Face à ces questions, les acteurs de l’encadrement doctoral peuvent être tentés d’embrasser une connotation péjorative de la complexité et de céder aux tentatives de simplification, par des applications non-flexibles des cadres réglementaires, des approches non concertées, ou encore un renoncement à l’appropriation – voire un rejet – de pratiques innovantes. Derrière un aveu de complexité, on reconnaîtrait alors « avouer la difficulté́ de décrire, d’expliquer ; (..) exprimer sa confusion devant un objet comportant trop de traits divers, trop de multiplicité́ et d’indistinction internes, trop de liens externes. » (Morin, 2018). Pour penser cette tension, nous co-organisons un événement périodique, le Workshop sur l’Encadrement Doctoral (WED) afin d’explorer la complexité de cette mission. La première édition du WED s’est tenue à Nancy en septembre 2016 : deux journées de travail ont permis de réunir les acteurs divers du doctorat – encadrant·e·s, directeur·e·s d’écoles doctorales, jeunes chercheur·e·s, formateur·e·s – pour discuter des défis du moment et suggérer des propositions concrètes d’action et de pratiques. Après une session plénière, les acteurs présents ont eux-mêmes proposé des thématiques de travail pour constituer les ateliers. À la suite de ses propositions, quatorze groupes de travail ont abordé les thèmes :
- Encadrement des doctorants en CIFRE
- Politique RH à destination des doctorants dans les universités
- Open Access et open science
- Internationalisation du doctorat
- Management et médiation des conflits
- Quelle approche pour le portfolio de compétences ?
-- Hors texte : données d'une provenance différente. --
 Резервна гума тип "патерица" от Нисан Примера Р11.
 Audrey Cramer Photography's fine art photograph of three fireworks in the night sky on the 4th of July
- Formation des encadrants
- Compétences des encadrants
- Recrutement des doctorants
- Qualité de l’encadrement
- Co-encadrement
- Les comités de suivi pendant le doctorat
- La poursuite de carrière des docteurs
- La montée en compétences pendant le doctorat
En novembre 2018, la seconde édition du WED, co-organisée avec l’Association Nationale des Docteurs (ANDès), le Réseau National des Collèges Doctoraux (RNCD) et l’université de Lyon, a porté sur la thématique transversale de « la qualité du doctorat », dont le livre blanc a depuis été publié. Cet événement s’accompagnait d’une relecture méthodologique à travers les concepts de la pensée complexe, que nous avons présentée sous la forme d’une communication intitulée L’encadrement doctoral : complexité d’une relation de travail et défi de l’innovation lors du colloque « Le travail à l’épreuve de la complexité » les 28 et 29 septembre 2018 à l’ESTIA. Cette communication a notamment été l’occasion de présenter et de discuter de notre proposition méthodologique, consistant à concevoir le WED comme constitutif d’un processus de recherche-action associant l’ensemble des parties prenantes du doctorat.